Abraham Lincoln in Reconstruction

Abraham Lincoln (1809–1865) was the 16th President of the United States during one of the most consequential periods in American history, the Civil War

Before being elected president, Lincoln served in the Illinois legislature and lost an election for the U.S. Senate to Stephen A. Douglas. Nevertheless, his fierce campaign earned him a nomination for the presidency. The first Republican president ever, Lincoln led the Union to victory in the Civil War and ended slavery in America. On April 14th, 1865, John Wilkes Booth assassinated President Lincoln at Ford's Theater in Washington, D.C., only days after the end of the Civil War.

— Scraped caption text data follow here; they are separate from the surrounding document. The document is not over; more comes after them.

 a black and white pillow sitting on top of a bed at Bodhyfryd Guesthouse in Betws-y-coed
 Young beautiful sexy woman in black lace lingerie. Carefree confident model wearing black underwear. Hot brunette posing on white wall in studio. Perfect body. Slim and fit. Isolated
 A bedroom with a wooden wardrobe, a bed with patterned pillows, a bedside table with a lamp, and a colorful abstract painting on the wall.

In the Emancipation Proclamation of 1863, Lincoln made a brilliant political move by framing the abolition of slavery as a military necessity to the Union cause. The legalistic document only applied to parts of the South still in rebellion, but it forever re-defined the Civil War itself and the American perception of liberty. Lincoln subsequently pushed for the passage of the 13th Amendment outlawing slavery or involuntary servitude anywhere in the United States. 

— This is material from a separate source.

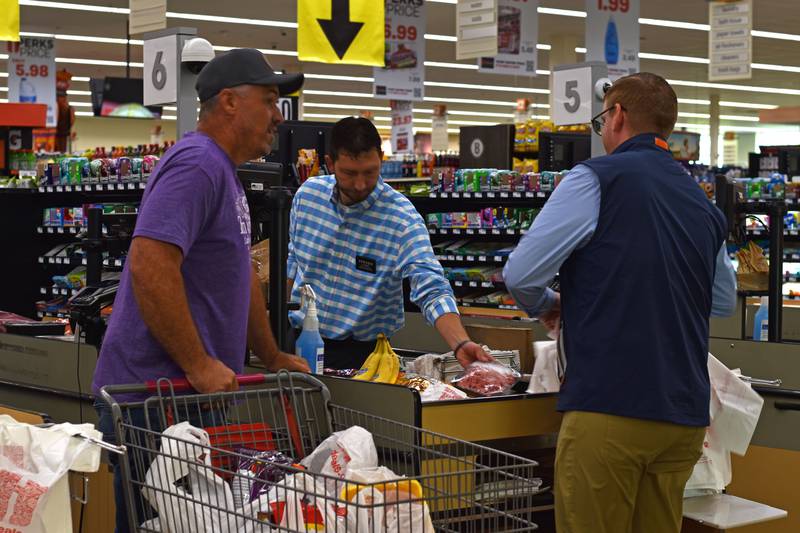 Hometown Hero grand prize winner Matt Ramer checks out at Peru HyVee after his two-minute shopping spree.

Later that same year, he issued a Proclamation of Amnesty and Reconstruction, which came to be known as his 10 Percent Plan. Under its terms, any rebel state could form a Union government if a number equal to 10% of its white males who'd voted in 1860 took an oath of allegiance to the Constitution and the Union and received a presidential pardon. Those participating also had to swear their support for laws and proclamations that addressed emancipation. In effect, Lincoln claimed the right of the executive to direct the course of Reconstruction, but Republicans in Congress countered that this obligation belonged to the legislative branch. They proposed the more stringent Wade Davis Bill in 1864, which Lincoln pocket-vetoed. 

Two days after General Robert E. Lee surrendered at Appomattox in April 1865, Lincoln made a speech that included the tentative suggestion that literate Blacks and African-American Union veterans might be given the right to vote. According to some accounts, actor John Wilkes Booth heard the suggestion and declared, "That means n----r citizenship. [...] That is the last speech he'll ever make." Booth assassinated Lincoln three days later. Some historians have called it the first shot in the longer struggle for Black equality.